**Required action:** Lower down are entries containing pictures. Copy exactly, without those pictures, the lines from the line with "Listing Image 11" through the line with "Una docena de".

**Records shown:**
╔══
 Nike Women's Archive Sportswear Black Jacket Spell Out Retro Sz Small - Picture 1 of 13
╚══
╔══
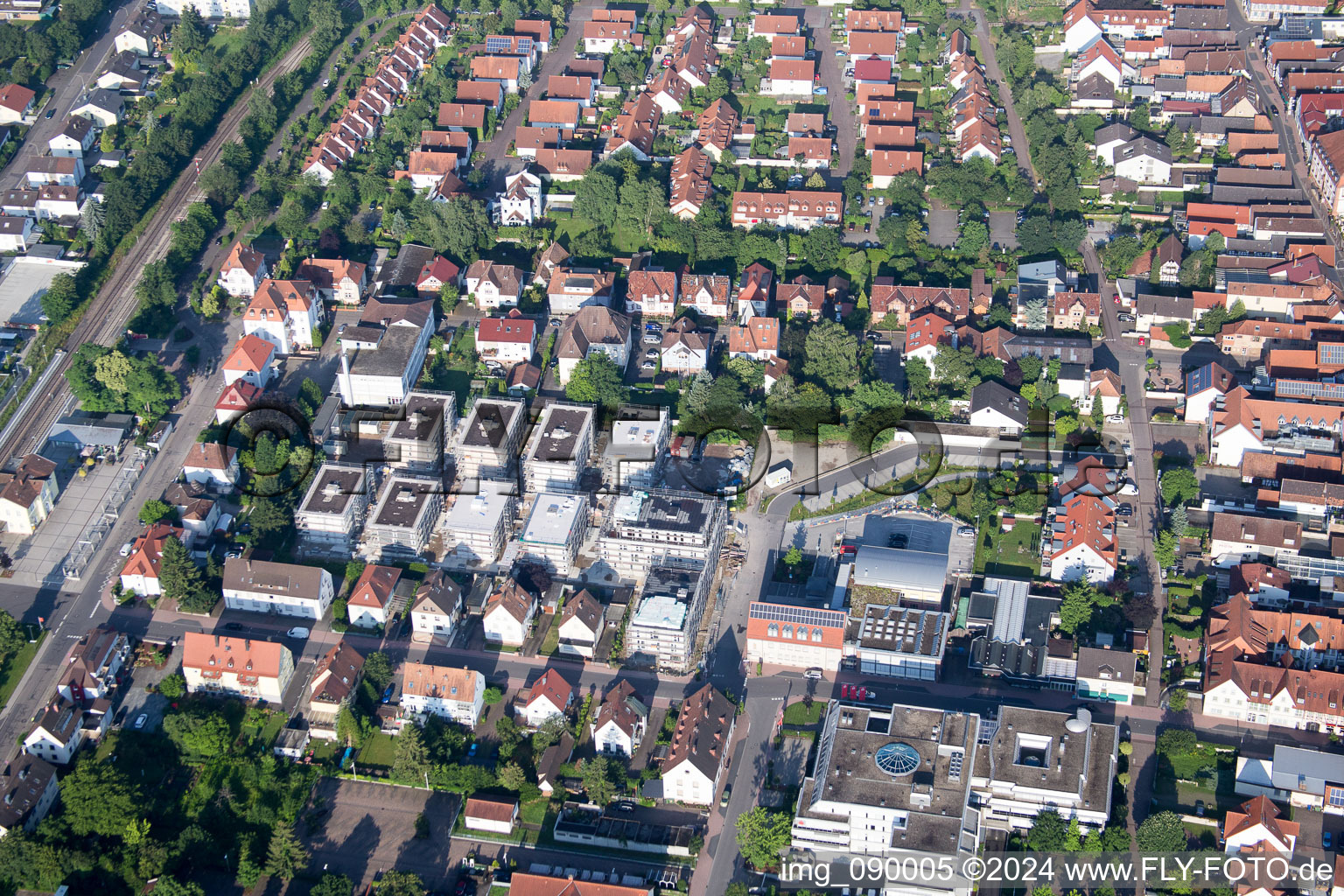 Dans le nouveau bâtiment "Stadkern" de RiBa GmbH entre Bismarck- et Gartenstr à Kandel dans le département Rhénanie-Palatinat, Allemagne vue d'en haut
╚══
╔══
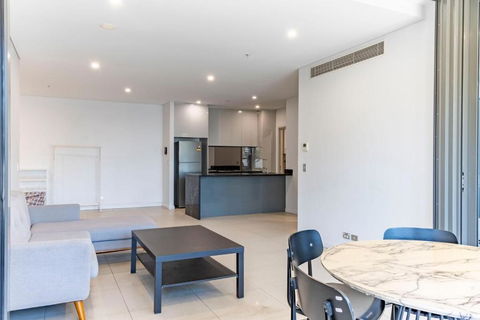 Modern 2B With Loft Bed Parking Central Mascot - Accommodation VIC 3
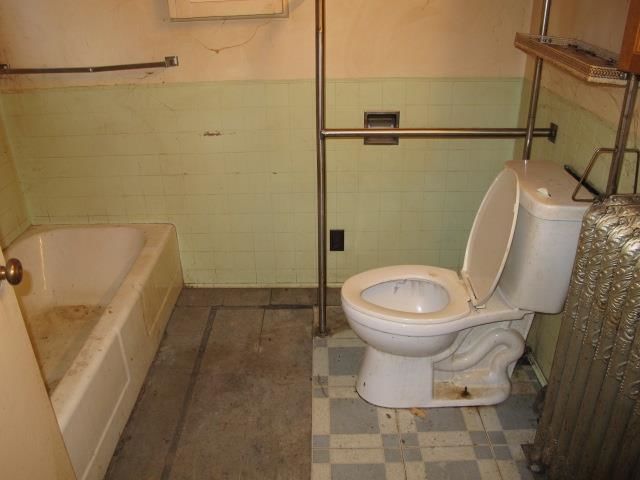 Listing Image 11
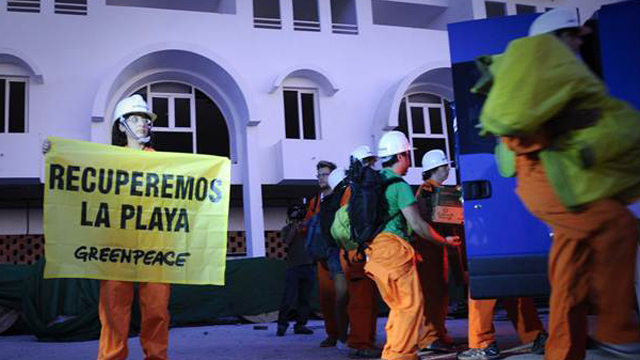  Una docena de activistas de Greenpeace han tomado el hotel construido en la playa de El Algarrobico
╚══
**Result of the task:**
 Listing Image 11
  Una docena de activistas de Greenpeace han tomado el hotel construido en la playa de El Algarrobico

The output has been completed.